Y ésta no ha sido la primera historia de este estilo que me cuentan. Hace unos meses, tras recomendarle a un amigo El adversario, éste me contó que la historia no le sorprendía, que en su faceta de ciclista de extrarradio a menudo se cruza con coches detenidos en mitad de ninguna parte cuyos conductores, tipos de mediana edad, recién duchados, con chaqueta, corbata, maletín y, a veces, teléfono móvil, miran a través del parabrisas poniendo cara de no ver nada. Una amiga a la que le alabé el libro me explicó que una conocida suya acababa de cortar con su novio porque éste llevaba los últimos seis meses, desde que lo despidieron del trabajo sin que se lo dijera a nadie, deambulando por Barcelona y haciendo tiempo hasta el momento de regresar a casa dispuesto a explicarle a su cónyuge una jornada laboral totalmente inventada (¿sería uno de los extraños náufragos urbanos con los que mi amigo el librero se cruza a lo largo del día?).

Comprenderán que con estas informaciones, los horrores descritos por Emmanuel Carrère en El adversario devienen más cercanos e inquietantes. El libro ya lo es bastante, pues nada en él es ficción y muchos de nosotros recordamos aún el triste suceso que lo originó (quienes lo hubieran olvidado pudieron recordarlo hace unos días gracias a un artículo de Octavi Martí en este mismo diario). Pero las rarezas se convierten en epidemia cuando empiezan a proliferar: los nuevos zombis de esta época han sido vistos muy de cerca por tres amigos del arriba firmante. Todo parece indicar, dado mi carácter, que no voy a tardar mucho en verlos yo mismo. Ahora que sé que existen ya no me resultarán invisibles.

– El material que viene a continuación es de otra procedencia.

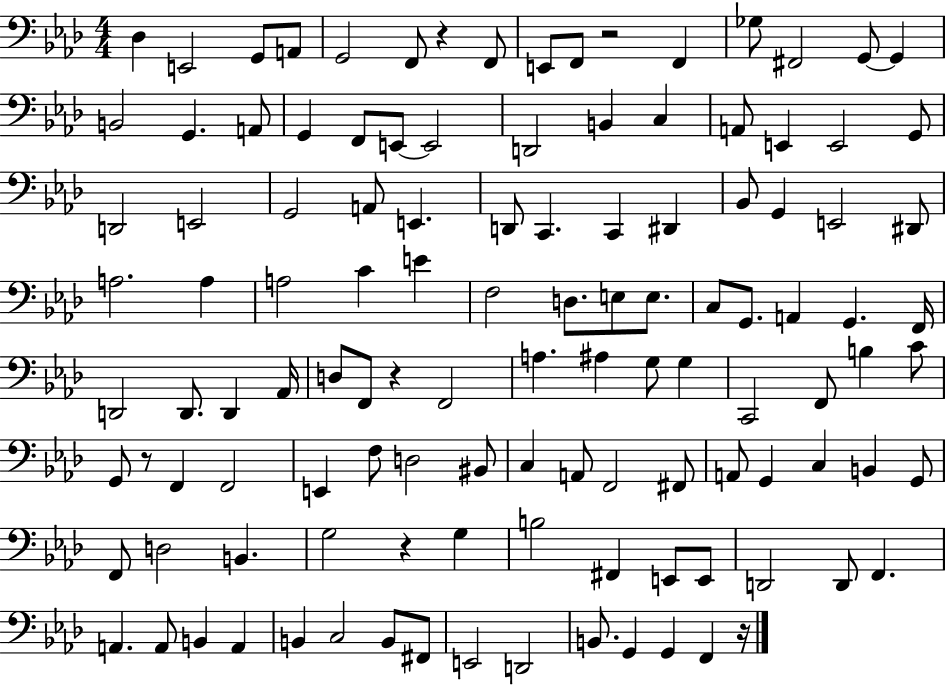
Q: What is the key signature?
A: AES major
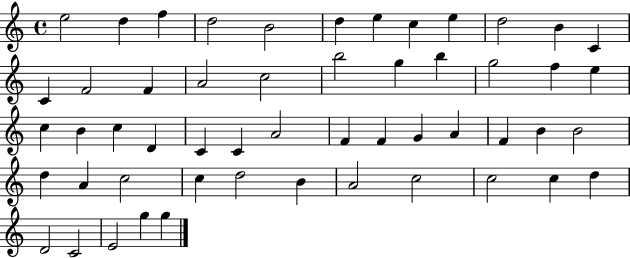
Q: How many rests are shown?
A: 0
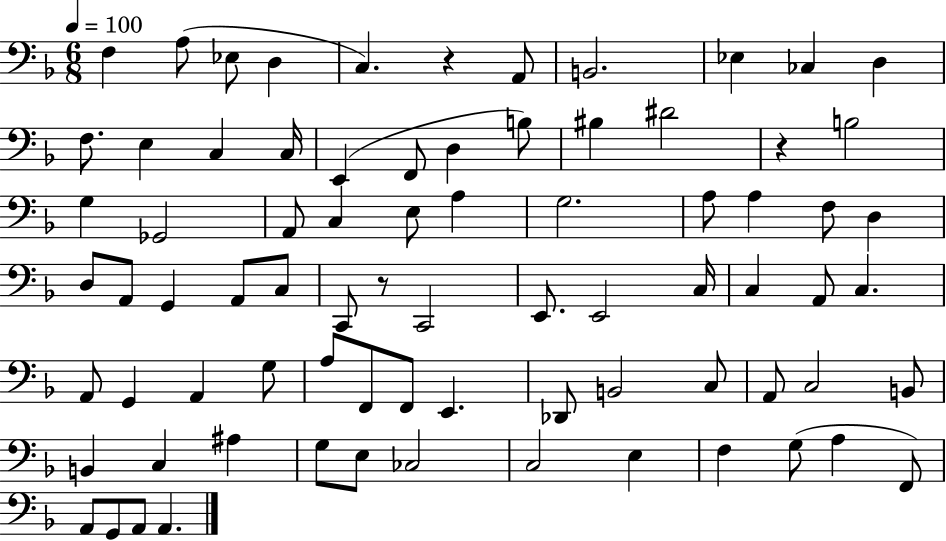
F3/q A3/e Eb3/e D3/q C3/q. R/q A2/e B2/h. Eb3/q CES3/q D3/q F3/e. E3/q C3/q C3/s E2/q F2/e D3/q B3/e BIS3/q D#4/h R/q B3/h G3/q Gb2/h A2/e C3/q E3/e A3/q G3/h. A3/e A3/q F3/e D3/q D3/e A2/e G2/q A2/e C3/e C2/e R/e C2/h E2/e. E2/h C3/s C3/q A2/e C3/q. A2/e G2/q A2/q G3/e A3/e F2/e F2/e E2/q. Db2/e B2/h C3/e A2/e C3/h B2/e B2/q C3/q A#3/q G3/e E3/e CES3/h C3/h E3/q F3/q G3/e A3/q F2/e A2/e G2/e A2/e A2/q.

Y lo mismo le pasará a cualquiera que lea El adversario. Hasta ahora, estos nuevos parias conseguían pasar desapercibidos por su discreción, por su habilidad para mezclarse con las personas, digamos, normales. Éstas sólo notaban la presencia de los mendigos, de los yonquis o de los mormones. El tipo del maletín que estaba parado en mitad de la calle a las 11.00 de la mañana y hablaba por el móvil parecía, de hecho, un triunfador atrapado en mitad de una importante gestión. ¿Quien nos iba a decir que se trataba de un parado que hablaba solo, a través de un móvil sin batería, porque hacía tiempo que nadie le devolvía las llamadas?

Mi amigo el ciclista mantenía que estos horrores empiezan en la infancia, que un buen día uno decide no ir al colegio y dedicarse a dar vueltas por la ciudad, y que luego la cosa va en aumento. En busca de una explicación, pienso que tal vez se trata de ejecutivos que no han aprobado su cursillo de outplacement (recolocación de parados con un sistema que recuerda poderosamente a los 12 pasos de Alcohólicos Anónimos) y ese fracaso les ha fundido los cables. En todo caso... ¿cuánto puede durar esa huida de la realidad? ¿Cómo mantienen, mientras tanto, a sus familias? El protagonista de El adversario hacía ver que trabajaba en la OMS y se quedaba el dinero que familiares y amigos le daban para que lo colocara en Suiza, pero... ¿y los desgraciados de mi barrio? ¿Cómo se las apañan? ¿Cuánto falta para que salgan en los periódicos porque un buen día, cuando estaban a punto de ser desenmascarados, no les quedó más remedio que llevarse a toda su familia por delante?